EXERCISE DIRECTIONS → Would you please copy all of the data exactly, skipping the images?

DATA PROVIDED →
[Start of Attachment]
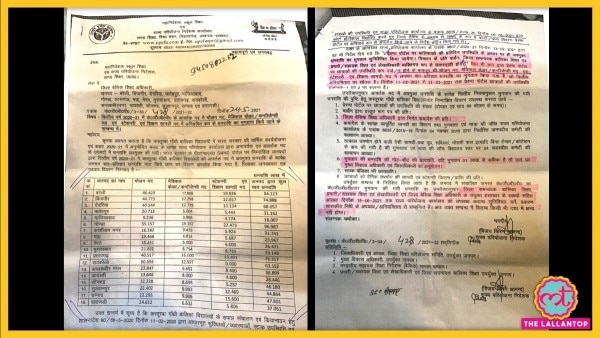 यूपी के 18 जिलों में कस्तूरबा गांधी आवासीय बालिका विद्यालय से 9 करोड़ रुपए निकालने पर जवाब-तलब किया गया है. Up Scam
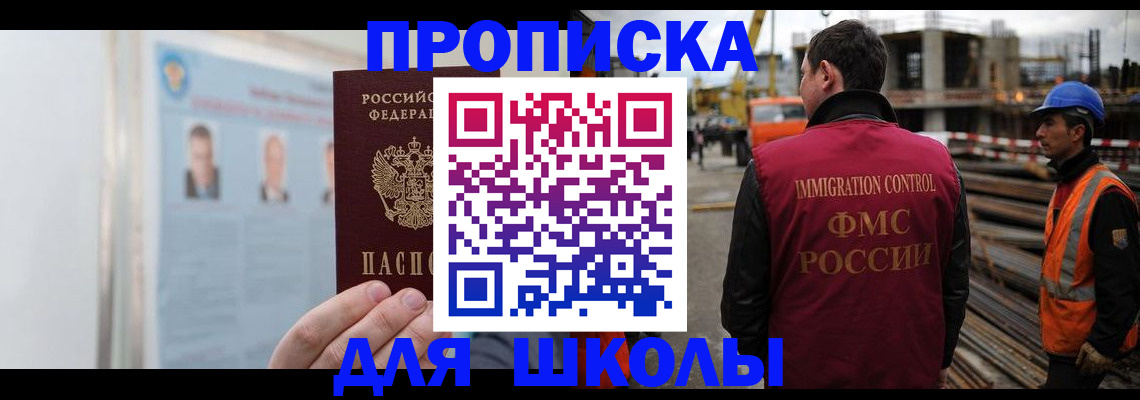 пропишу в квартире в Костромской области
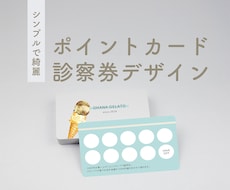 スタンプ・ポイントカード、診察券作成します イメージ1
[End of Attachment]
YOUR SOLUTION →
 यूपी के 18 जिलों में कस्तूरबा गांधी आवासीय बालिका विद्यालय से 9 करोड़ रुपए निकालने पर जवाब-तलब किया गया है. Up Scam
 пропишу в квартире в Костромской области
 スタンプ・ポイントカード、診察券作成します イメージ1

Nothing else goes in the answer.